**About this task**. Could you copy each line of the entries that contains "with"?
***** Task input
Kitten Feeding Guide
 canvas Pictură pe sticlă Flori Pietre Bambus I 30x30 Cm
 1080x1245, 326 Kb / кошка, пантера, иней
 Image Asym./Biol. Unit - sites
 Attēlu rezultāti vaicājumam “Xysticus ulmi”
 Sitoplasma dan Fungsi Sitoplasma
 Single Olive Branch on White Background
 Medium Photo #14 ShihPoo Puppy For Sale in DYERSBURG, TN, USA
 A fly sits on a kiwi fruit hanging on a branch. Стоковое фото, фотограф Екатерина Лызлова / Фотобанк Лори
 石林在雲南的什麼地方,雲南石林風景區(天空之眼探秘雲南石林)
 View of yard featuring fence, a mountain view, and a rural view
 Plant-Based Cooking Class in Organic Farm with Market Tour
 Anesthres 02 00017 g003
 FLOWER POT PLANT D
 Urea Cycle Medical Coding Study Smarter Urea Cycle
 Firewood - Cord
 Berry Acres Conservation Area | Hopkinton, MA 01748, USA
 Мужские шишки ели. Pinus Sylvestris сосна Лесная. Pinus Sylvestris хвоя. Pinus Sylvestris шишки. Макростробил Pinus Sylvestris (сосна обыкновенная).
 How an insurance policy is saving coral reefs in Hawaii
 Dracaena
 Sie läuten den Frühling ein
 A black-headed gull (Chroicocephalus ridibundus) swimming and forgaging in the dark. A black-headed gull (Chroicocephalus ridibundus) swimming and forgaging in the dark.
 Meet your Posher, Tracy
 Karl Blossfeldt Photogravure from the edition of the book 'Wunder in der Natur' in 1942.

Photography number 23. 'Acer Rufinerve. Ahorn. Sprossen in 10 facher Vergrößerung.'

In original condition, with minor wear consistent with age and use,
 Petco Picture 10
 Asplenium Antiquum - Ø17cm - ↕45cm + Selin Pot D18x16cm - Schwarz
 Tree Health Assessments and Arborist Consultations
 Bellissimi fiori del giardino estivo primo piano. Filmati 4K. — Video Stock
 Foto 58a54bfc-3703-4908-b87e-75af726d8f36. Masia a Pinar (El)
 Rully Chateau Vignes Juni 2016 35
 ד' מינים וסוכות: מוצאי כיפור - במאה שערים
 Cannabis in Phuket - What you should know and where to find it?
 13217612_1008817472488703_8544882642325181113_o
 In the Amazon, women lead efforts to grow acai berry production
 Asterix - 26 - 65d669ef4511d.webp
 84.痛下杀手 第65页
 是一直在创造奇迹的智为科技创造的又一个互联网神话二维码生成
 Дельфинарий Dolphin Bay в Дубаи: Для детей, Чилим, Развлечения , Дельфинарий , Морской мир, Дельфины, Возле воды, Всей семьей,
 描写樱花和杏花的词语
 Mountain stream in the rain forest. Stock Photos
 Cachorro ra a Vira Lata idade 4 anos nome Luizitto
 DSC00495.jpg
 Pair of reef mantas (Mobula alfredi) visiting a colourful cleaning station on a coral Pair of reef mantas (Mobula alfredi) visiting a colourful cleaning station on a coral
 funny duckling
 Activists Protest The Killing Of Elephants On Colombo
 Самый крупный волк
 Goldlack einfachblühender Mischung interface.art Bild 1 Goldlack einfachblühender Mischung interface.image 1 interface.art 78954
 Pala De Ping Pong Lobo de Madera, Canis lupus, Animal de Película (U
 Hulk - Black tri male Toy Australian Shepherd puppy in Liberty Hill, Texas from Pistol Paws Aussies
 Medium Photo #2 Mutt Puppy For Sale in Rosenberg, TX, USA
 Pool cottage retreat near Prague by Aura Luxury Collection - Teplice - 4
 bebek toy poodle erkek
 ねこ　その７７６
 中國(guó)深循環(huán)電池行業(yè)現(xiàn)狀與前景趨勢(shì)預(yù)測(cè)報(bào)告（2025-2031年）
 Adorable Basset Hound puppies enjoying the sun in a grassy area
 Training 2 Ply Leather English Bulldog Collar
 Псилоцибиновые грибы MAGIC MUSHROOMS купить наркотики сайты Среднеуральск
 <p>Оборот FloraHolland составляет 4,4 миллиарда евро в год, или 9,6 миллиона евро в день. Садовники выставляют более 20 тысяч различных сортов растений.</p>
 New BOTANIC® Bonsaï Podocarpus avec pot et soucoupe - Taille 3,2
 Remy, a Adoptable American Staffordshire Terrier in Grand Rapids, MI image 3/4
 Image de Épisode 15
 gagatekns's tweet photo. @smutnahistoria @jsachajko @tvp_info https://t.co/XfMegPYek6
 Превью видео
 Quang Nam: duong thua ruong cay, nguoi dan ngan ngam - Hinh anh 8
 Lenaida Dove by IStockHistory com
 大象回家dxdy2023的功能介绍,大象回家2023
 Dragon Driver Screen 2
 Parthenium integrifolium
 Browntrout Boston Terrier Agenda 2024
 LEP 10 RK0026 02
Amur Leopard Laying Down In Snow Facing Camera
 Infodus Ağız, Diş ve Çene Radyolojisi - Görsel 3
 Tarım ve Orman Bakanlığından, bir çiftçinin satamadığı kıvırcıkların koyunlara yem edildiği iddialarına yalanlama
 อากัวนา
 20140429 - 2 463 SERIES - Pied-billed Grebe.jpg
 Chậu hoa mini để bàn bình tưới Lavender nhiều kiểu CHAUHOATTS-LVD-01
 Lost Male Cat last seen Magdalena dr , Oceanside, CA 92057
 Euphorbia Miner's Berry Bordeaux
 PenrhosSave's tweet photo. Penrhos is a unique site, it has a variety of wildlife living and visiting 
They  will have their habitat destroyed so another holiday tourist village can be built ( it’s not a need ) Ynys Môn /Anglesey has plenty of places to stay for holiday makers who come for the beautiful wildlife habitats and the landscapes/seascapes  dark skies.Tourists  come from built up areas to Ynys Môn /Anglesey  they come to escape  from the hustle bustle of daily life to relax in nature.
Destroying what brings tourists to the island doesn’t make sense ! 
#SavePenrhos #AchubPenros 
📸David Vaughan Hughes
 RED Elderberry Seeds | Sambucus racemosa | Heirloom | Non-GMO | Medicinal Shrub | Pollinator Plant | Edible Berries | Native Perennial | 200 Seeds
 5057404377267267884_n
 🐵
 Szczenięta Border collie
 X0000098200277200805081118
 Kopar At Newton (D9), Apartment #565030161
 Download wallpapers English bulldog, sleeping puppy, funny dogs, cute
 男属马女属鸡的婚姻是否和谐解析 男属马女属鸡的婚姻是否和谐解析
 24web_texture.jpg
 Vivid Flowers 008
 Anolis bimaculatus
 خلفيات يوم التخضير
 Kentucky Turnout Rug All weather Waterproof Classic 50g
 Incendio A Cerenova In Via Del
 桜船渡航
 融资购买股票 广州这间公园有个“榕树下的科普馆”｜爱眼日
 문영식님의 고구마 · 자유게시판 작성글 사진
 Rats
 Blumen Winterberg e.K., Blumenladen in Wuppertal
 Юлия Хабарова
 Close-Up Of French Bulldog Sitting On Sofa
**********
**Reply**.
 Plant-Based Cooking Class in Organic Farm with Market Tour
In original condition, with minor wear consistent with age and use,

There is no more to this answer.